Hi,
I am trying to understand how to get the IR right for the variable POstar (international price of oil).
In the first model (… denoted Model5_externaldraft3), the IR does not show up. I though it has to do with the overall external sector part of the model. So I expanded with the all relevant variables in the new model (Model5_external). Now the impulse is not smooth.

My primary focus is Model5_externaldraft3 as it is more simplified. I will appreciate any advise to get the impulse showing. Thanks.

I don’t understand what the problem is. That most variables do not react to epsPOstar? You can check that E move exactly opposite to POstar to leave PO (and the rest of the model) unaffected.

Thanks @jpfeifer . I am trying to get the IRF showing on the simple version of the model (…draft3). You can see that when running there no IRF displayed.

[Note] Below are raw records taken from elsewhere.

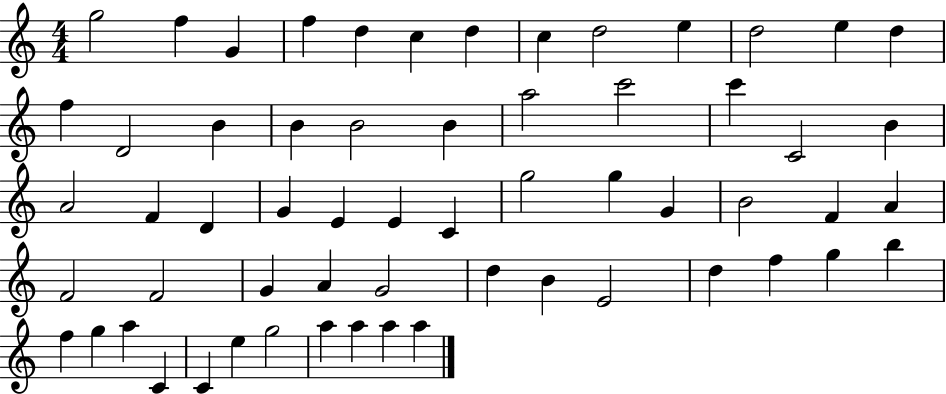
X:1
T:Untitled
M:4/4
L:1/4
K:C
g2 f G f d c d c d2 e d2 e d f D2 B B B2 B a2 c'2 c' C2 B A2 F D G E E C g2 g G B2 F A F2 F2 G A G2 d B E2 d f g b f g a C C e g2 a a a a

This version shows some IRFs. Note that most IRFs are 0 and therefore not shown. Model5_Externaldraft3.mod (7.6 KB)
You could use irf_plot_threshold = 0 to change that.

Thanks a lot @jpfeifer. Is there any way to make the IRF more smooth? Or is it normal? I find it awkward.I tried changing the shock parameters but it does not help much.

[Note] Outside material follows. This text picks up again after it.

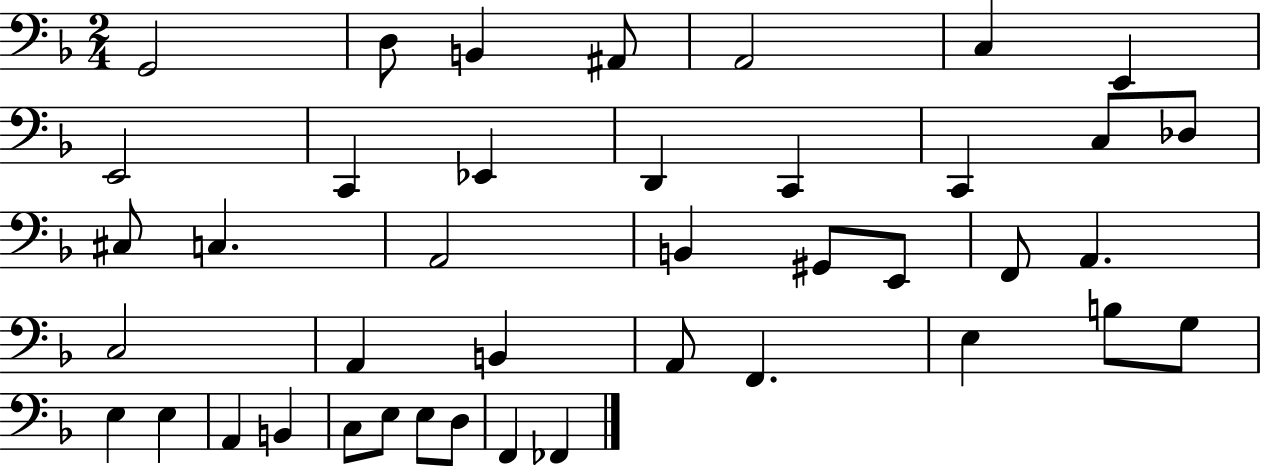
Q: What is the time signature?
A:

Thanks @jpfeifer. I have been looking for any published paper with these wiggles but I did not find any for now. Not sure if moving on with the model expansion will be fine, in terms of publication. I again reduced the model and the equations and noticed that the wiggles comes from the introduction of oil price shock : See lines 172 and 235. Not sure where could the error arise. Do you mind scanning the attached ? Thanks.

Those IRFs are simply 0. They only show small movements due to numerical precision. So your problem is one of the shock not affecting the relevant variables.

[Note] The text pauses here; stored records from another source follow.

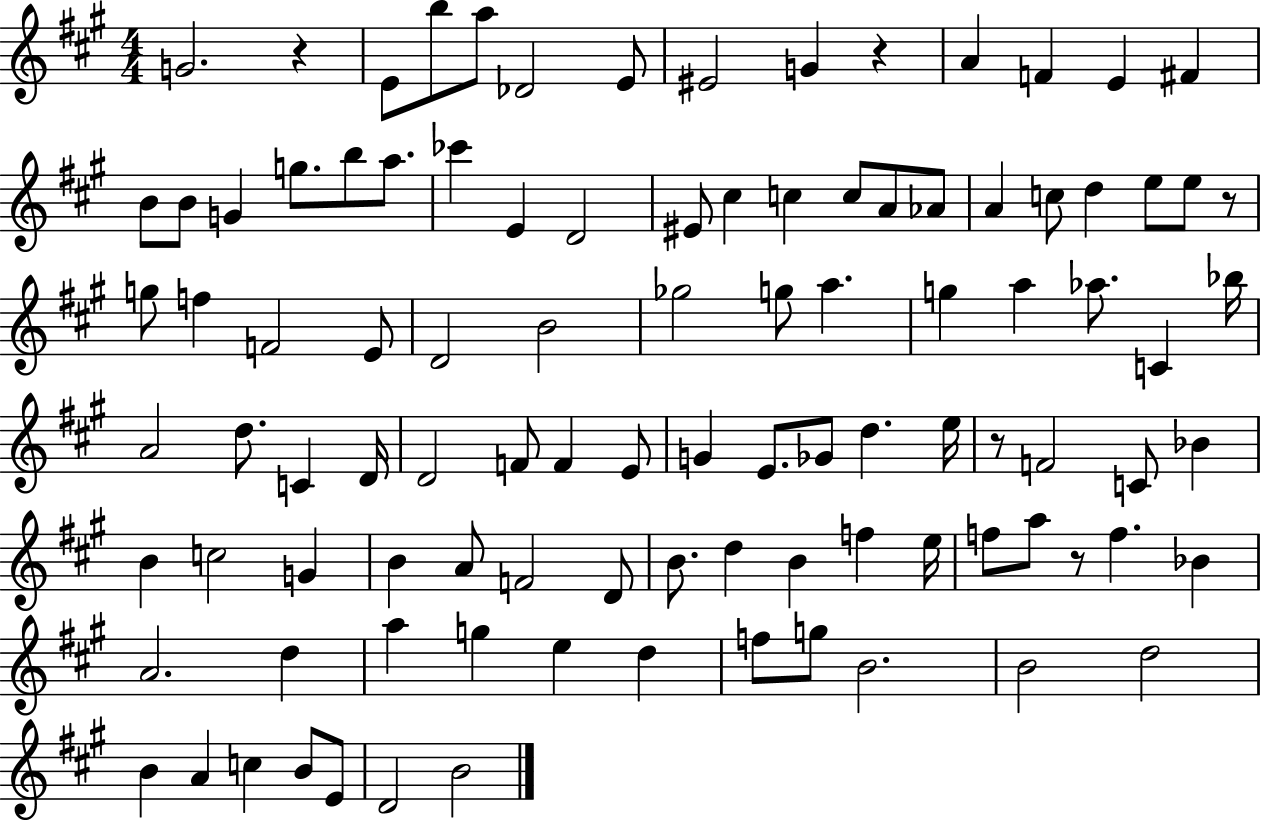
{
  \clef treble
  \numericTimeSignature
  \time 4/4
  \key a \major
  g'2. r4 | e'8 b''8 a''8 des'2 e'8 | eis'2 g'4 r4 | a'4 f'4 e'4 fis'4 | \break b'8 b'8 g'4 g''8. b''8 a''8. | ces'''4 e'4 d'2 | eis'8 cis''4 c''4 c''8 a'8 aes'8 | a'4 c''8 d''4 e''8 e''8 r8 | \break g''8 f''4 f'2 e'8 | d'2 b'2 | ges''2 g''8 a''4. | g''4 a''4 aes''8. c'4 bes''16 | \break a'2 d''8. c'4 d'16 | d'2 f'8 f'4 e'8 | g'4 e'8. ges'8 d''4. e''16 | r8 f'2 c'8 bes'4 | \break b'4 c''2 g'4 | b'4 a'8 f'2 d'8 | b'8. d''4 b'4 f''4 e''16 | f''8 a''8 r8 f''4. bes'4 | \break a'2. d''4 | a''4 g''4 e''4 d''4 | f''8 g''8 b'2. | b'2 d''2 | \break b'4 a'4 c''4 b'8 e'8 | d'2 b'2 | \bar "|."
}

@jpfeifer Thanks. I simplified the model to a working level to align with the source paper, and noticed that oil price shock was the main cause. I removed it. I have been trying to reincorporate it back but the same issue arises. I either get zero /nearly zero impulses, or # equation greater than # variables (removing one equation does not help as the BK rank condition fail to verify). Do you think this has to do with the way shock to oil price shock should enter the model or it could be the whole model itself or the parameters. I initially introduce oil shock in this way. But this does not help: Thanks Model5_Externaldraft3.m (4.1 KB) mod5_no_oil_shock.mod (7.3 KB)

Oil prices are an exogenous shock here. So the issue is the transmission into the model. You think harder about the actual economics of what is going on in your model.